Os americanos também não estão bem servidos com o extenso período de mais de dois meses entre o dia da eleição e o dia da posse, durante o qual os presidentes não reeleitos - pense em Jimmy Carter e George H. W. Bush - mantêm a plena autoridade para tomar decisões polêmicas. Ou pelo fato de que os juízes da Suprema Corte muitas vezes servem por períodos ridiculamente logos - a norma tem sido 25 anos - e a nomeação de mais jovens, como Clarence Thomas, de 42 anos, e o presidente da Suprema Corte, John G. Roberts Jr., de 50 anos, torna provável que eles atuem por 30 ou 40 anos. E mais: eles podem marcar a data da sua renúncia para garantir que seus sucessores sejam escolhidos por presidentes que compartilhem de sua ideologia política.

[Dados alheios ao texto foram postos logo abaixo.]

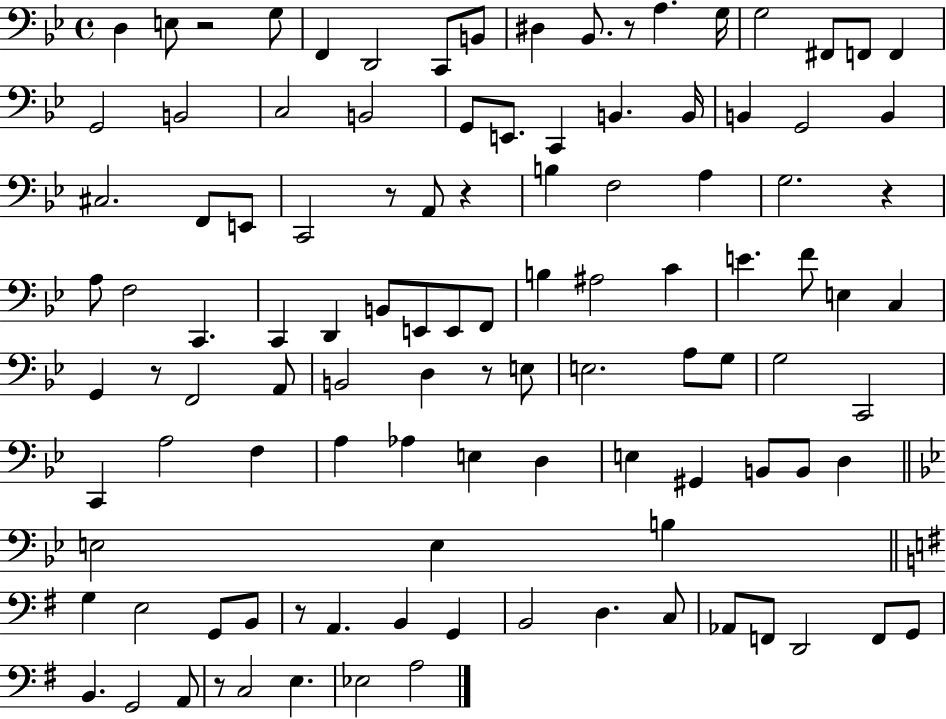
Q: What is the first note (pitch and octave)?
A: D3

Acreditar que a Carta americana é perfeita - ou mesmo verdadeiramente adequada para o mundo de hoje - é o equivalente a acreditar que é seguro dirigir um carro com os freios defeituosos e pneus perigosamente gastos. Mesmo que conseguíssemos fazer viagens seguras no passado nessas condições, somos criminosamente negligentes em acreditar que podemos continuar a fazê-las agora.

Infelizmente a Constituição dos EUA não é como a de Nova York, que contém uma cláusula que pergunta aos nova-iorquinos a cada 20 anos se eles querem fazer uma convenção para repensar e reformular o documento. (Em vez disso, é extremamente difícil fazer emendas na Constituição americana, pois meras 13 câmaras legislativas em Estados diferentes podem obstruir uma emenda apoiada pela maioria esmagadora dos americanos.)

No entanto, isso não livra os americanos do dever de refletir sobre a adequação da Constituição e de tomar medidas para diminuir os riscos inaceitáveis que ela apresenta para o ¿governo do povo, pelo povo e para o povo¿.